| WORK TASK |
Go through the listing below and retype exactly the lines starting at the one with "バイオダンス Biodance 8枚セット" and ending at the one with "义获嘉 Variolink N贴面粘接小套装/VN贴面套装", skipping pictures.

| EXERCISE DATA |
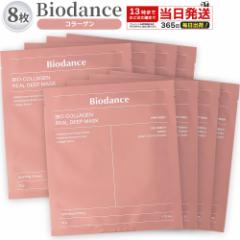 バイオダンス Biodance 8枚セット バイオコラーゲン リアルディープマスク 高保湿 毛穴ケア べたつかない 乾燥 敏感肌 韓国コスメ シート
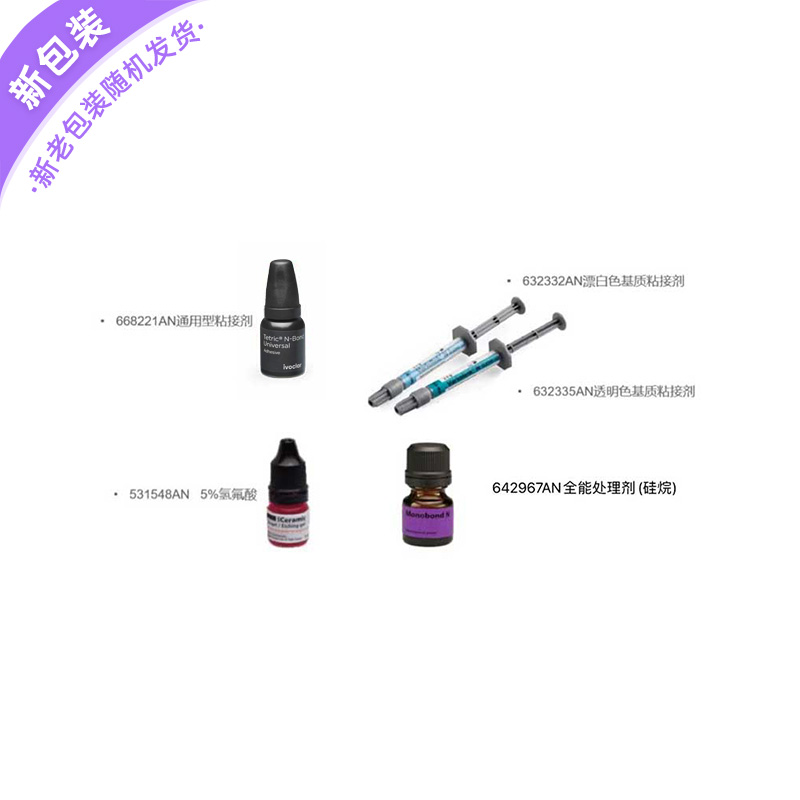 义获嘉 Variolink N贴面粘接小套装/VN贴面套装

* * *

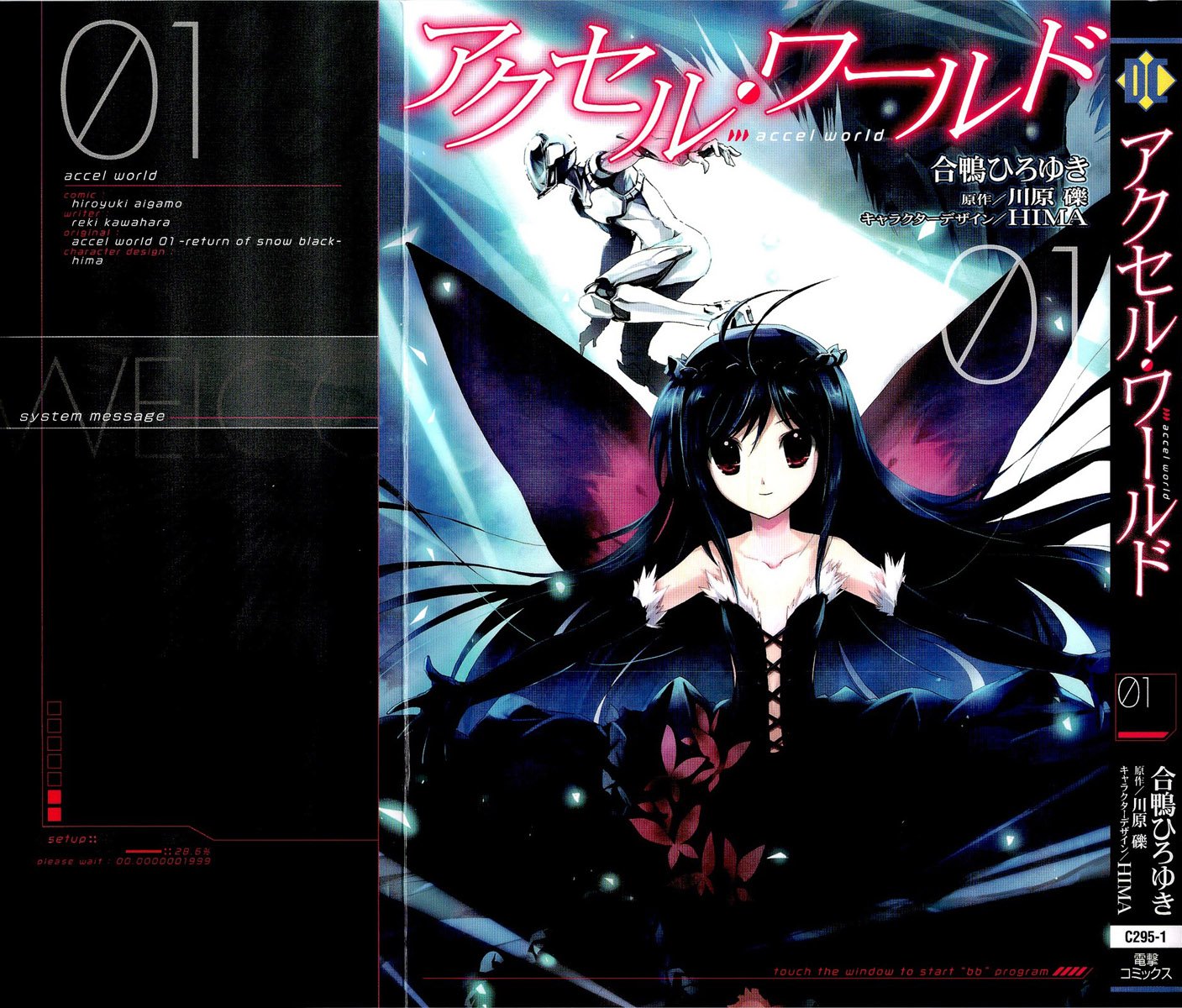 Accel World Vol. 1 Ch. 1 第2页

* * *

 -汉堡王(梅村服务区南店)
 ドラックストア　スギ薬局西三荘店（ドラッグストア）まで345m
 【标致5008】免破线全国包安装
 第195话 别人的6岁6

| EXPECTED ANSWER |
 バイオダンス Biodance 8枚セット バイオコラーゲン リアルディープマスク 高保湿 毛穴ケア べたつかない 乾燥 敏感肌 韓国コスメ シート
 义获嘉 Variolink N贴面粘接小套装/VN贴面套装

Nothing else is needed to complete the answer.